Climate change impact hits home and the headlines
The story led the 6pm bulletin on Newshub on Sunday night and maintained prominence across New Zealand news sites and bulletins throughout yesterday. “SeaRise NZ” was sitting at number one on Google’s daily search trend list for May 2 in New Zealand this morning. We’ve had plenty of stories about adverse weather events caused by climate change before but there is something powerful about being able to see how it will affect your own area or home. Before the new tool was launched the ODT published an editorial saying it was time to agree that climate change is actually happening and get on with doing something about it.
Site experiences heavy traffic
The site was very popular when it launched yesterday morning, but was having some problems yesterday. Project co-leader Tim Naish believed the site was the target of a cyber attack. Climate change editor Eloise Gibson and data journalist Felippe Rodrigues at Stuff have also used the data to build a great interactive map where you can see the impact of sea level rise at a regional level.

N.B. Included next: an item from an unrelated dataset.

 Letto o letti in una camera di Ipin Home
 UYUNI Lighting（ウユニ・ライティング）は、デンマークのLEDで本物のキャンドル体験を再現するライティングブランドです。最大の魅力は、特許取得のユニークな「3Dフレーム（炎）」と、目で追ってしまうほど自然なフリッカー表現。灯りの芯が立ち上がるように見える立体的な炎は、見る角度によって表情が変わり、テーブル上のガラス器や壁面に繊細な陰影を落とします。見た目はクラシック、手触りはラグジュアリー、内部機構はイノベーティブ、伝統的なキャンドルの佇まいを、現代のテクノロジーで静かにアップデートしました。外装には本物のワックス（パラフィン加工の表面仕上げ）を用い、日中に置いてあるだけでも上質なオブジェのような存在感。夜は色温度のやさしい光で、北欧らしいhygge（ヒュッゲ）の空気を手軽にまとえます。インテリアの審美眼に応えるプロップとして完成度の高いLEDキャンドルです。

$17bn of property expected to be uninsurable in next few decades
Tom Logan, an assistant professor at the University of Canterbury, has taken a look at who might pay if your property is impacted by rising sea levels. Not the insurance companies, he says. Logan says “you’ll likely lose all private insurance once the chance [of coastal damage] rises to 5% which is now anticipated to be less than 25 years away”. Following the launch of the draft National Adaptation Plan last week, Insurance Council chief executive Tim Grafton said the risk of climate change is “a risk management problem that goes well beyond the role of insurance.” Consultation on that draft plan ends on June 3. Toby Manhire spoke to an Ōwhiro Bay local about what’s needed by those who may lose their homes.